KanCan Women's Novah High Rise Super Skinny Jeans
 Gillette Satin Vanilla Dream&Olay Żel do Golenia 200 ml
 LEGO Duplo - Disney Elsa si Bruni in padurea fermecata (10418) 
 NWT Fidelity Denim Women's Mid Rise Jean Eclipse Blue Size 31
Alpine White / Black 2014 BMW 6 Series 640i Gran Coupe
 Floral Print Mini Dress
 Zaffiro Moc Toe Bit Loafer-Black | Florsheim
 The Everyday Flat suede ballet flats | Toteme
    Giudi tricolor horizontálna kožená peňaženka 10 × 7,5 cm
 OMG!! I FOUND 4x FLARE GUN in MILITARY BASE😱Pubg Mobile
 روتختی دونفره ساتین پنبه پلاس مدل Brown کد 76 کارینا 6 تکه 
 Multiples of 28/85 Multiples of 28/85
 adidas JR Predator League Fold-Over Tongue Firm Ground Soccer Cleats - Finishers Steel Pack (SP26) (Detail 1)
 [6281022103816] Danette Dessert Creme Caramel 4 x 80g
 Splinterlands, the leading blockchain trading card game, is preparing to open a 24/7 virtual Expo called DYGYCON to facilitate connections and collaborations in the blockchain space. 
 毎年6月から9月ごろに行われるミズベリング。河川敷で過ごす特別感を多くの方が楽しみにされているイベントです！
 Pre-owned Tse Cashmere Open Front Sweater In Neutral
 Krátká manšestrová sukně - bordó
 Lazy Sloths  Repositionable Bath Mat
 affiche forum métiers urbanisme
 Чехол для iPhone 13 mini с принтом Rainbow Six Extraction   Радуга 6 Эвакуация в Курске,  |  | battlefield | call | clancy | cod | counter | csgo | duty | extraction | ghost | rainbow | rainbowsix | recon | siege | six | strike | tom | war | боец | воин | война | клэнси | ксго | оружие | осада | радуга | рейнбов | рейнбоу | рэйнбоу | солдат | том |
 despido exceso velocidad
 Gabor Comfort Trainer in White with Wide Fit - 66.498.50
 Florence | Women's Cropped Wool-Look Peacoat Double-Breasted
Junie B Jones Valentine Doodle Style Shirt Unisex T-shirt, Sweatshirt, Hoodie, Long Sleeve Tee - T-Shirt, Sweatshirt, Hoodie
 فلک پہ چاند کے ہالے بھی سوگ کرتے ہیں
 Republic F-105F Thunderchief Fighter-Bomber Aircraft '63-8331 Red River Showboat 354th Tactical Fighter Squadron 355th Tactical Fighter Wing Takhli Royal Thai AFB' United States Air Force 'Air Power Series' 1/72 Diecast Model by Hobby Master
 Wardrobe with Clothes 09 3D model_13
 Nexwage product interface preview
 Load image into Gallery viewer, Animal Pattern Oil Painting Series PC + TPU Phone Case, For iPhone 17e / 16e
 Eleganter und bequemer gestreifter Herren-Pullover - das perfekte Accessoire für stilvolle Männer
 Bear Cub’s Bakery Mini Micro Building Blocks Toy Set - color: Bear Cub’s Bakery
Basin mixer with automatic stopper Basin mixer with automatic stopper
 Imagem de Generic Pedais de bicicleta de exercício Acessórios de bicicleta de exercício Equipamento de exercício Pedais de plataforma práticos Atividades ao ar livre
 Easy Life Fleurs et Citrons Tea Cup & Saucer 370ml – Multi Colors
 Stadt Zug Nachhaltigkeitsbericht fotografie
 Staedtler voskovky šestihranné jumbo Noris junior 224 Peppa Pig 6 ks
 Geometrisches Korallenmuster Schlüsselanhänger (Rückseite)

-=-=-

What you should do: Set down exactly the lines of the data above, beginning with the line that has "Multiples of 28/85 Multiples of 28/85" and ending with the line that has "Splinterlands, the leading", and no others.

Response:
 Multiples of 28/85 Multiples of 28/85
 adidas JR Predator League Fold-Over Tongue Firm Ground Soccer Cleats - Finishers Steel Pack (SP26) (Detail 1)
 [6281022103816] Danette Dessert Creme Caramel 4 x 80g
 Splinterlands, the leading blockchain trading card game, is preparing to open a 24/7 virtual Expo called DYGYCON to facilitate connections and collaborations in the blockchain space. 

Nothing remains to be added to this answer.